How TV Shaped Music: A Conversation with Mark Malkoff
The author of the new book "Love Johnny Carson," Mark Malkoff stops by to talk about the important relationship between music and TV
If you enjoy this newsletter, consider ordering a copy of my debut book, Uncharted Territory: What Numbers Tell Us about the Biggest Hit Songs and Ourselves. It’s a data-driven history of popular music covering 1958 to 2025.
Today, I’m speaking with Mark Malkoff. A couple months ago, Malkoff offered to send me a copy of his forthcoming book, Love Johnny Carson: One Obsessive Fan’s Journey to Find the Genius Behind the Legend. It initially felt like a weird fit for this newsletter, but I absolutely fell in love with the book, especially since Johnny Carson’s life had major overlap with some of the great music stars of the 20th century. Over an hour, Malkoff and I spoke about The Beatles’ calamitous appearance on The Tonight Show, why Johnny Carson loved Tony Bennett, and the artists he hated having on. If you enjoy our conversation, consider picking up a copy of his book.
I want to start talking about the arc of music on television. For decades, television was really a place to discover music. Most late-night shows not only had house bands, but they featured up-and-coming artists. Now, many late-night programs don’t feature music at all. Can you give me a short overview of how music has been featured on variety shows over the decades?
Back in the day, since there were only three networks, getting on a television show would literally change your life. Johnny Carson, Ed Sullivan, and some other shows were regularly putting up singers. If you were talented, and they believed in you, they would give you a spot on your show. Every talent scout, manager, and agent watched those shows back then. If you performed well, you were probably getting signed. That’s not the case anymore.

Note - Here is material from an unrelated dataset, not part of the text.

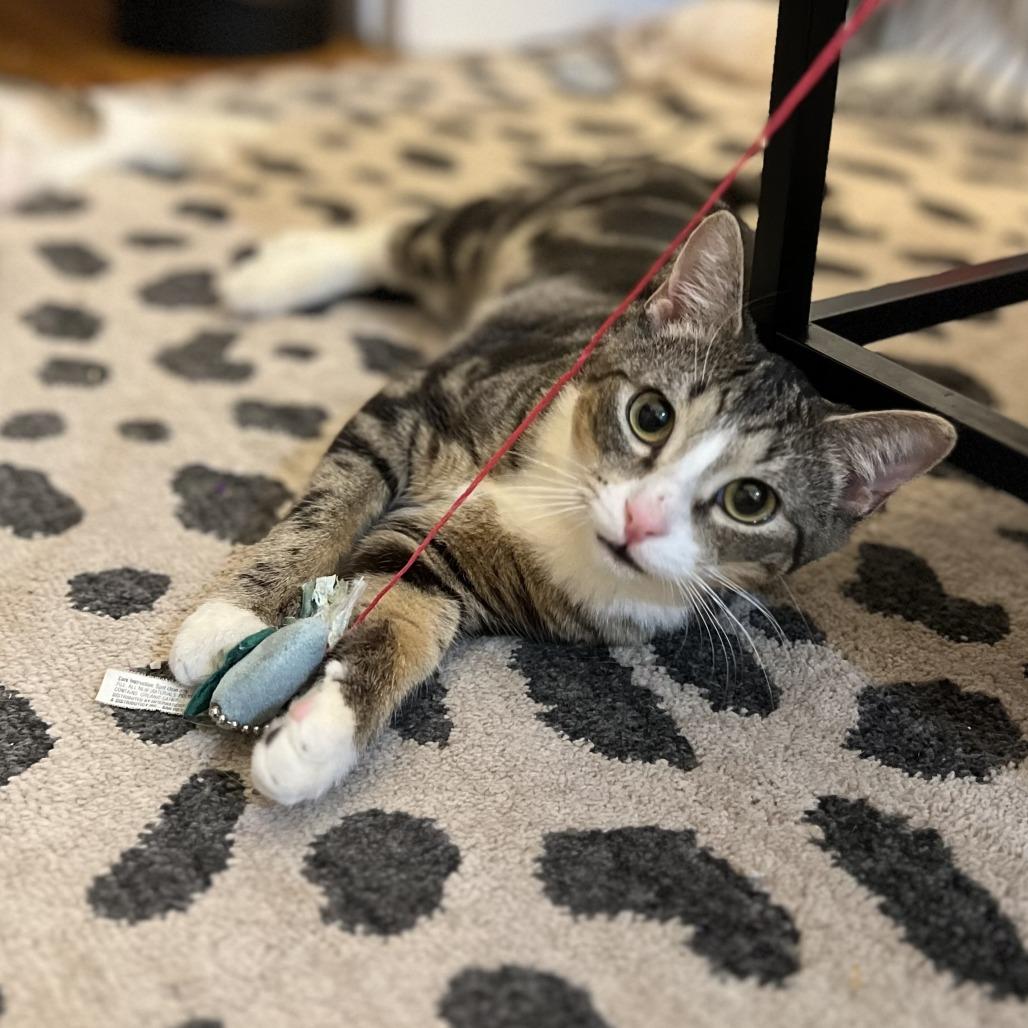 Enlarge O'Neill, a Adoptable Domestic Short Hair in Middle Village, NY image 1/6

I’m a big Frank Sinatra fan, and I know that his initial big break was winning a talent contest on the radio.
I spoke to over 400 people for my book and podcast. You hear that story constantly. You got on Johnny Carson or some other show, and it changed the trajectory of your career.
As you’d imagine, it was hard to get on those shows. They would all have scouts scouring clubs for talented people. If you got an audition, you’d get called up to the seventh floor of NBC and sing for one person in a conference room. Johnny had very little to do with choosing guests. But if he walked by and liked what he heard, he would have you on the next day.
Let’s talk specifically about Johnny Carson and his relationship to music. As you note in the book, “Though music comes with the territory, it was a particularly strong interest of Johnny’s.” Throughout the book, you highlight many of Johnny’s favorite artists. Can you highlight some of them and speculate on why he was drawn to them?
He loved Buddy Rich. Johnny was an amateur drummer. He got to perform with him at some point and was like a little kid with his hero. When Buddy Rich died, it was one of the first times that Johnny lost it in front of the studio audience. He was devastated. He canceled all the shows for a week.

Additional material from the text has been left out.